I noticed in Laurie Niles blog that she recently acquired a Hiroshi Kono violin and is quite enamored with it.  I recently discovered this maker and purchased a Kono for myself as a second fiddle.  It is about as good as anything I've played for under $3000.  There isn't much about him on these boards, so I was wondering if anyone else plays one, or has any experience with Kono violins.  If nothing else, I wanted to recognize him for his outstanding work.

 

Replies (24)

July 17, 2010 at 12:13 PM ·

I know nothing about this maker, other than I believe his last name is spelled "Konno" with two n's. You may want to change that in the thread title just so the information is more accessible via Google or other searches.

That said, there doesn't seem to be any information on the internet about this maker. Where does one even get his instruments?

July 17, 2010 at 03:55 PM ·

I think entering  "Hiroshi Kono + violin"  in the search window/box brings up quite a few hits for Hiroshi Kono. I'd like to know, though, if Hiroshi Kono is/was a luthier, or a luthier running his own workshop, or if "Hiroshi Kono" is a trade name like Karl Knilling, etc., where, "Karl Knilling" really does not exist.

July 20, 2010 at 01:21 AM ·

I actually bought a 1/2 Hiroshi Kono about six months ago which stood out in a trial with a Jay Heide, and a 1900 German. It was the loudest and sweetest of all.
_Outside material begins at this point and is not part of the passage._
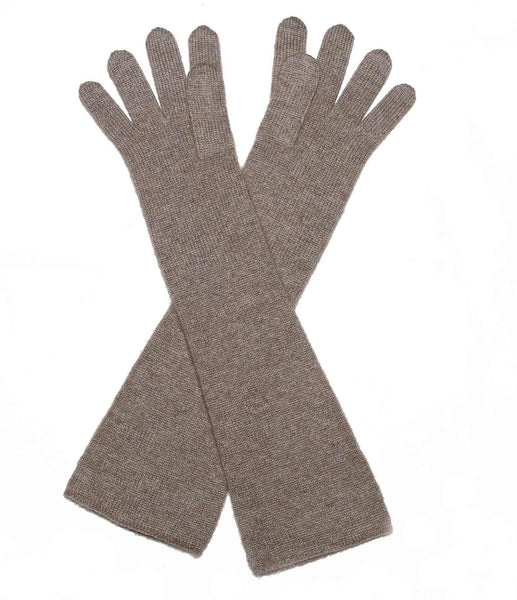 cashmere-fashion-store Engage Kaschmir Handschuhe Mit Langen Armbündchen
On top of that it was fitted with Vision strings where some other violins were fitted with louder Evah strings.

 

 

July 21, 2010 at 01:24 PM ·

There is one for sale at J.R. Judd, and it says "Hiroshi Kono, Luthier"

http://www.jrjuddviolins.com/instruments/violins_int.html

I don't know if that means he or she is a real person, though.

December 7, 2010 at 04:00 PM ·

My son just upgraded to a 1/4 size violin and we tried several fiddles between $1000-$2000 and Hiroshi Kono won hands down.  So far, this maker is not very well known, but for high end student instruments, he offers a pretty compelling product.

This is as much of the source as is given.